> [Problem details]: From top to bottom, print the listing word for word and skip any pictures it contains.

----- Dataset extract -----

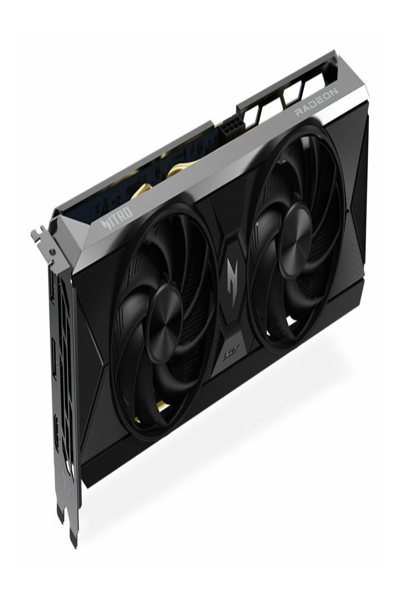 ACER NITRO AMD RADEON RX 9060 XT OC GRAPHICS CARD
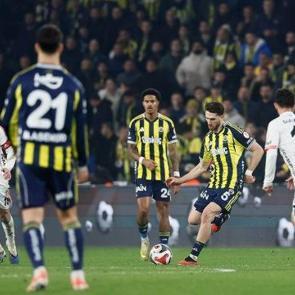 2-1'lik derbi sonrası Beşiktaş ve Fenerbah&ccedil;e ceza alabilir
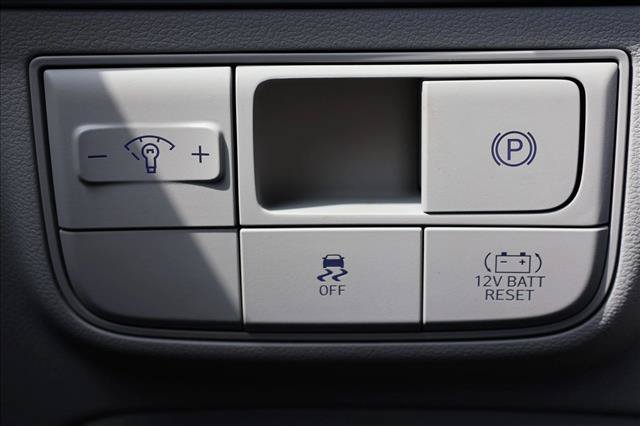 New 2026 Hyundai Tucson Blue SE AWD/4WD image 13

-----

> [Response]:
 ACER NITRO AMD RADEON RX 9060 XT OC GRAPHICS CARD
 2-1'lik derbi sonrası Beşiktaş ve Fenerbah&ccedil;e ceza alabilir
 New 2026 Hyundai Tucson Blue SE AWD/4WD image 13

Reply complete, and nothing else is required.